--- Exercise data Enclosed Below ---

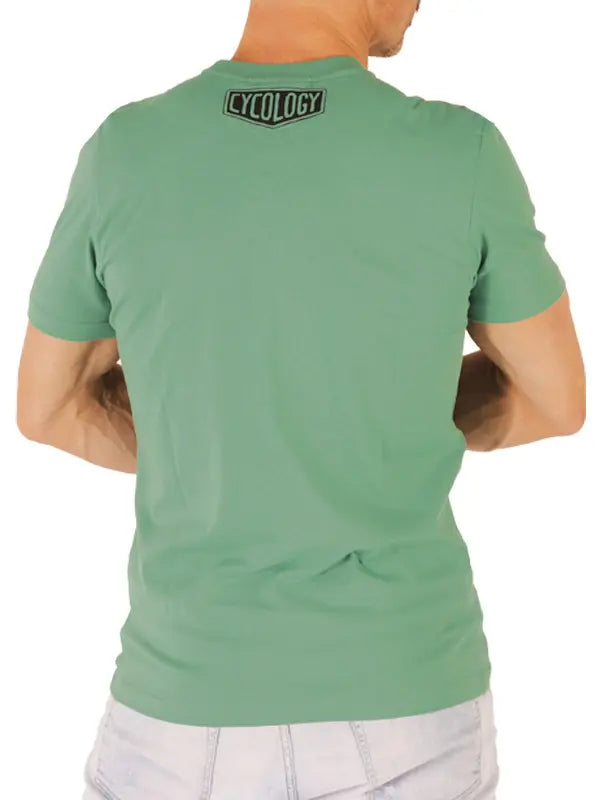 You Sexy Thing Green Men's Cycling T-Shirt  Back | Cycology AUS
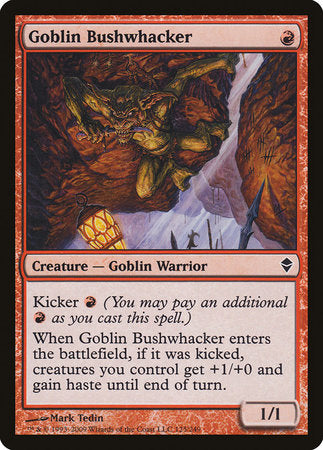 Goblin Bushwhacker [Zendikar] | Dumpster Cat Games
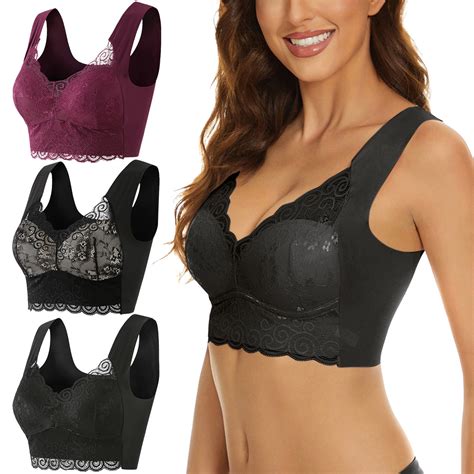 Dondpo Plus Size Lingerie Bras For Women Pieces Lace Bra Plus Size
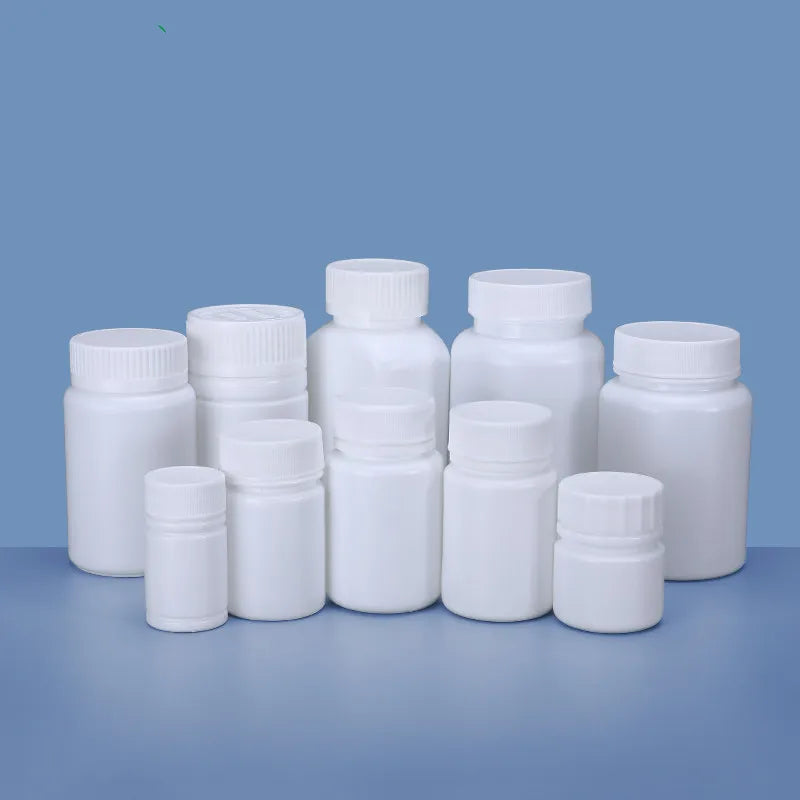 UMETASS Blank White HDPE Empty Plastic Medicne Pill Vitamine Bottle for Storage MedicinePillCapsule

--- End of Enclosed Exercise data ---

A word-for-word retyping of the material above is expected, without pictures.

**Output**.
 You Sexy Thing Green Men's Cycling T-Shirt  Back | Cycology AUS
 Goblin Bushwhacker [Zendikar] | Dumpster Cat Games
 Dondpo Plus Size Lingerie Bras For Women Pieces Lace Bra Plus Size
 UMETASS Blank White HDPE Empty Plastic Medicne Pill Vitamine Bottle for Storage MedicinePillCapsule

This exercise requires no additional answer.